Norway Snaps Up Greek, Spanish Bonds

story_images_greek_ruins(Bloomberg) Norway’s sovereign wealth fund, the world’s second largest, snapped up bonds from debt-ridden southern European countries to tap into higher yields.

“We have actually increased our exposure,” said Yngve Slyngstad, the head of Norges Bank Investment Management — the central bank’s asset management arm — in an interview in Oslo today. “You have a situation now where, even though the situation is difficult and will continue to be difficult, you get compensated with regards to the yields you are getting.”

European stress tests last month eased speculation that fiscal distress in Greece, Spain and Portugal may spread and prolong market turmoil. The Government Pension Fund Global, as Norway’s oil fund is known, lost 5.4 percent last quarter, or $25 billion, after its stock investments slumped 9.2 percent, it said today. Its bond holdings returned 1 percent.

“One thing is the measures that have been taken have been positive for the bond owners,” Slyngstad said. “Secondly, you get more yield relative to other countries, so the risk return we are looking at here is of course much more attractive.”

The yield premium investors demand to hold Greek 10-year bonds instead of benchmark German debt of similar maturity rose to more than 800 basis points today. That’s about 670 basis points more than the five-year average. In May, the difference surged to 965 basis points. The fund lost 3.4 percent on European debt holdings last quarter, compared with gains on bonds in the Americas and Asia.

Spain’s 10-year government bond yields 1.86 percentage points more than the German benchmark. That’s about 1.46 percentage points more than the average over the past five years. In June, that difference widened to as high as 2.2 percentage points.
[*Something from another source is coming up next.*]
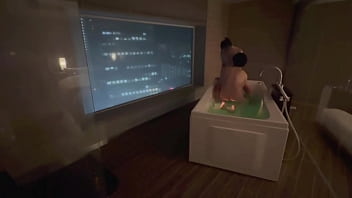 【個人撮影】家にいた可愛いサンタさんの色白美乳を赤ちゃんのように吸いまくる & 夜景の見えるホテルのお風呂でイチャイチャ立ちバックで激しく突く生ハメsex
A basis point is 0.01 percentage point.

U.S. Risks

The $450 billion fund held 55 billion kroner in debt from Spain, Greece, Italy and Portugal at the end of 2009, down from 132 billion kroner at the end of 2008.

Some investors are returning to Europe’s sovereign debt market as they shift their focus to assess the risk of a sluggish global recovery stemming from a slowdown in the U.S.
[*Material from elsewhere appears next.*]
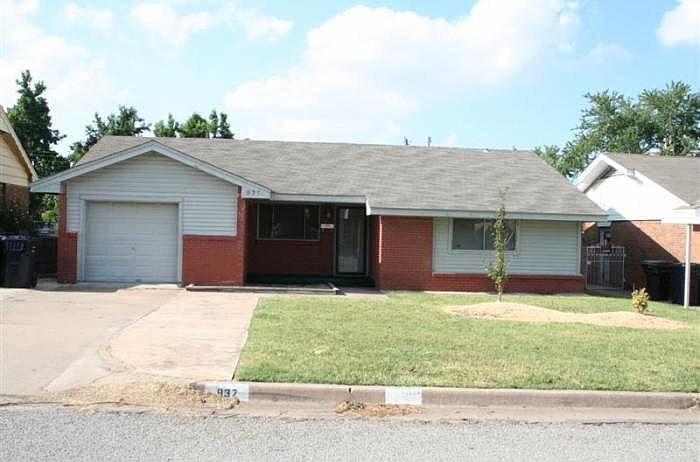 1st image of 937 SW 55th St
“The latest economic data have shown that the clear story about Europe struggling more than the U.S. is not as much the perception now,” Slyngstad said.
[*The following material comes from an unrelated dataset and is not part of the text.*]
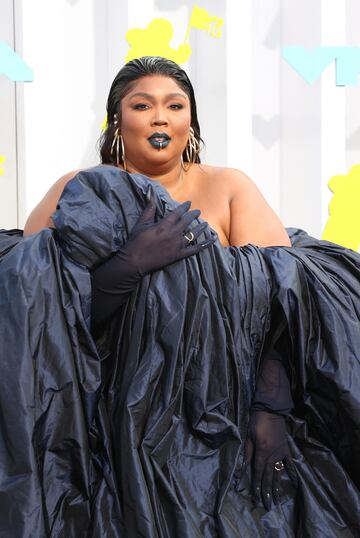 Lizzo en la alfombra roja de los MTV Video Music Awards 2022.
Federal Reserve policy makers said this week that the “pace of the economic recovery is likely to be more modest in the near term than had been anticipated.”

U.S. government bonds represented the fund’s largest debt holding at 141.6 billion kroner, followed by U.K. and German government bonds, the fund said in a report today. Fixed-income investments in the Americas gained 6.8 percent in the quarter. Asian debt rose 9.6 percent.

Oil, Gas

The fund is built from Norway’s oil and gas revenue and gets its investment guidelines from the government. Earlier this year it got approval from the Finance Ministry to invest as much as 5 percent of its value in real estate.

The fund places its money outside Norway to avoid stoking domestic inflation. It had a 26 percent return last year, recouping most of 2008’s record loss of 633 billion kroner.

Only Abu Dhabi has a larger wealth fund, according to the Sovereign Wealth Fund Institute in California.